Saya tetap tak memutus hubungan. Tetap komunikasi dan bertegur sapa dengan dia. Acap pula ketemu pasca berita itu terbit.
Kejadian tahun 2010 itu, membuat beritanya viral. Portal belum banyak, komunikasi antar komisioner KPU di Sumbar pun saling bersileweran lewat telpon.
Masih di tahun itu, saya juga menerima ancaman dari ibu-ibu yang merasa tidak terima atas pemberitaan yang berhubungan dengan bantuan untuk korban gempa 2009.
Menamakan kelompoknya "Kandang Rasul", saya dapat penugasan dari Pemred untuk menelusuri ini, karena banyak masukan, lantaran kelompok ini memungut uang masyarakat dengan iming-iming bantuan gempa.

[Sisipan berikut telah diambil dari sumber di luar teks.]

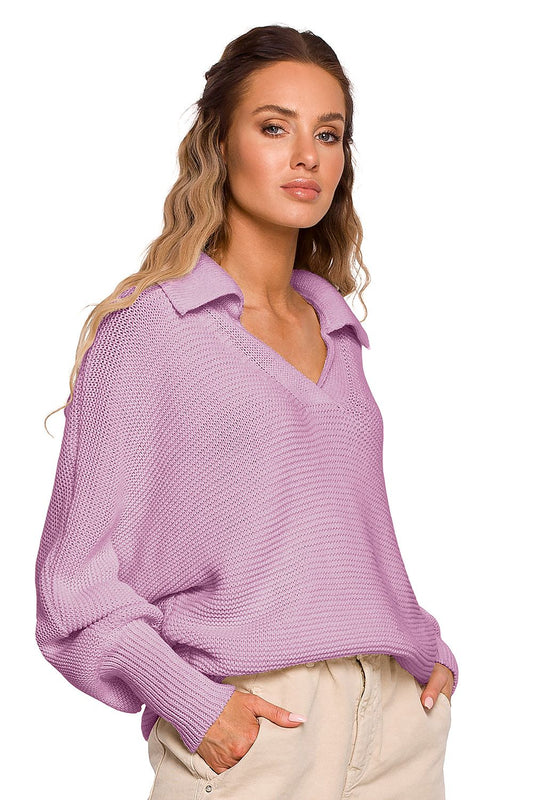   Sweter Damski Model MOE687 Lila - Moe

Saya cari dan hubungi perempuan pengurus kelompok itu. Tak bersua, tapi hubungan lewat telpon masuk, dan kami saling berkomunikasi dengan sangat mantapnya.

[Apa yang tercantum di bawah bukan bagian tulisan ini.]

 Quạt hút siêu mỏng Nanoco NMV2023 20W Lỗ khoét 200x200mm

Sebelum ke ibu rumah tangga itu, saya sudah dapat cerita dari masyarakat dan walinagari, tentang keresahan kelompok ini.
Tinggal konfirmasi ke ibu itu, dan lengkap lalu saya kirim naskah beritanya ke redaksi. Karena ini orderan Pemred, berita ditarok di halaman satu.
Pas berita itu terbit, ibu yang saya telpon kemarinnya terkesan menyuruh perempuan lain, kesannya atasannya menghubungi saya.
Lunak dan lembut, dan lama akhirnya membentak saya atas berita itu. Beradu argumen cukup lama dan panjang lewat sambungan telpon, dengan tetap dia bersikeras kalau kelompoknya tak meresahkan masyarakat.
Saya suruh dia membuat hak jawab, dia tak mengerti, katanya. Ya, sudah. Kalau berita tak boleh saya mencabutnya, karena konfirmasinya cukup.
Tak ada yang dirugikan. Semua yang berkepentingan saya beri kesempatan untuk bicara, mempertahankan argumennya.